***** PROVIDED MATERIAL

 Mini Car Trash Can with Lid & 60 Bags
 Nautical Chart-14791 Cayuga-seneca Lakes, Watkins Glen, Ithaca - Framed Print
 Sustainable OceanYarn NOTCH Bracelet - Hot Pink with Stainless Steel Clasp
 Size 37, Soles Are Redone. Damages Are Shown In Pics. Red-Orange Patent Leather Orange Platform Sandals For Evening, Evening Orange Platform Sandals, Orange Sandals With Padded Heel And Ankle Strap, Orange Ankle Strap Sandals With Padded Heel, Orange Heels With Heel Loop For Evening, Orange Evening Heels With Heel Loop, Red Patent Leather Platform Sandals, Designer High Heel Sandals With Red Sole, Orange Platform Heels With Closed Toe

**********
***** PROVIDED MATERIAL

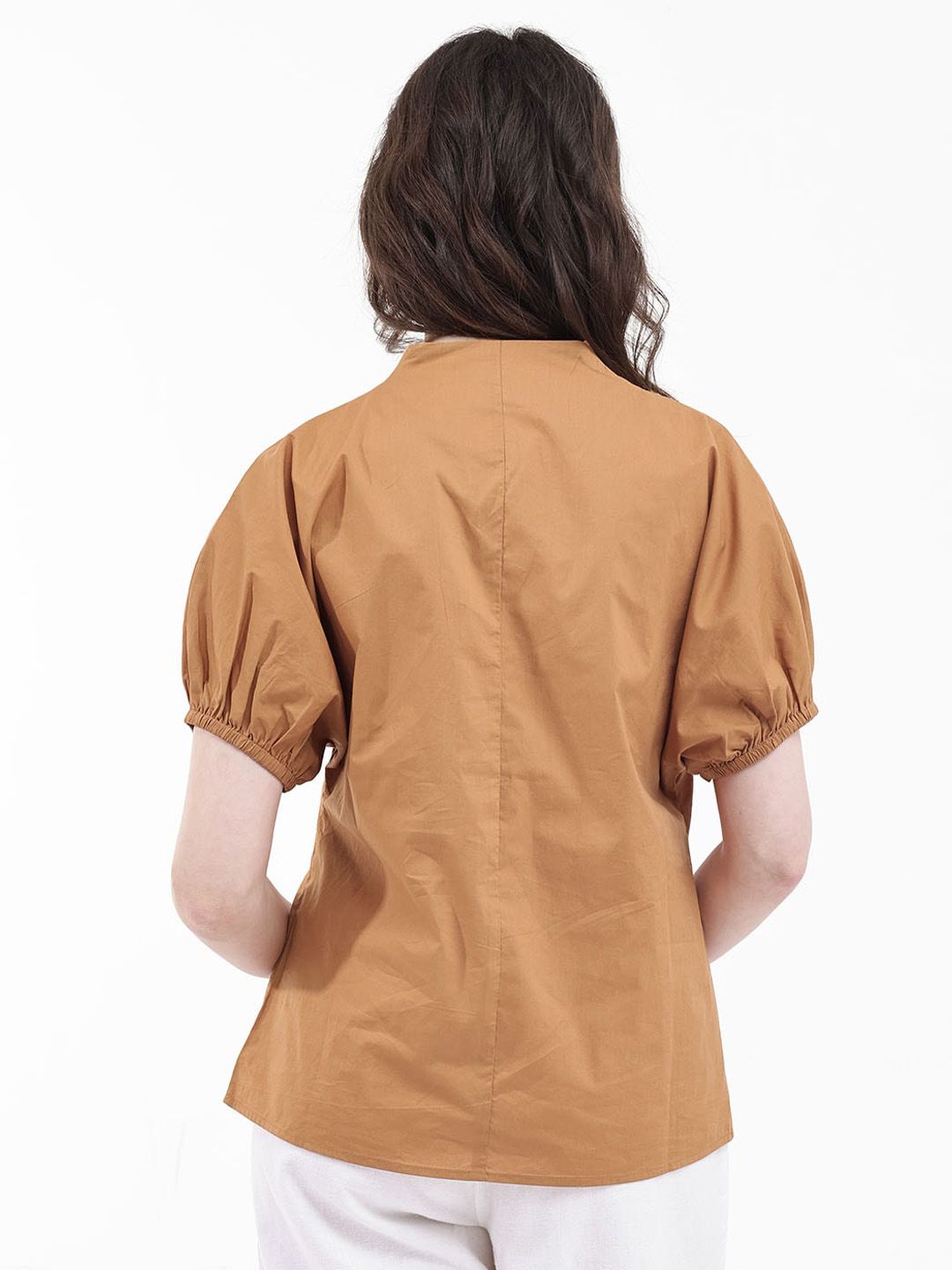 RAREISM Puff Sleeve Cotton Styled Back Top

**********
***** PROVIDED MATERIAL

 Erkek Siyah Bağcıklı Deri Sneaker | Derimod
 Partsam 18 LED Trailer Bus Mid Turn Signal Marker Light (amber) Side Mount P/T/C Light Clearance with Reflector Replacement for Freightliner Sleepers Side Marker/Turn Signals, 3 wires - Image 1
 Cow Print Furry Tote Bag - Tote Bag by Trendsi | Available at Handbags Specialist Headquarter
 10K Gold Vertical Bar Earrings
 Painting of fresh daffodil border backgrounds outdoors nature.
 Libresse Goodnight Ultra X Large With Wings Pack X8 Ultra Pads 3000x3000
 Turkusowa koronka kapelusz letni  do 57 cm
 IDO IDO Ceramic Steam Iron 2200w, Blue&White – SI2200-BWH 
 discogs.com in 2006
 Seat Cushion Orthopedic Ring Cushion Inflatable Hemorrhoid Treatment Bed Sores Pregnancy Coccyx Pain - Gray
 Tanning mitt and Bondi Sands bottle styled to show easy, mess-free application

**********

• _EXERCISE REQUIREMENTS_
Make a list of all lines in the data that contain "Print".

• _SOLUTION FOR THIS PROBLEM_
 Nautical Chart-14791 Cayuga-seneca Lakes, Watkins Glen, Ithaca - Framed Print
 Cow Print Furry Tote Bag - Tote Bag by Trendsi | Available at Handbags Specialist Headquarter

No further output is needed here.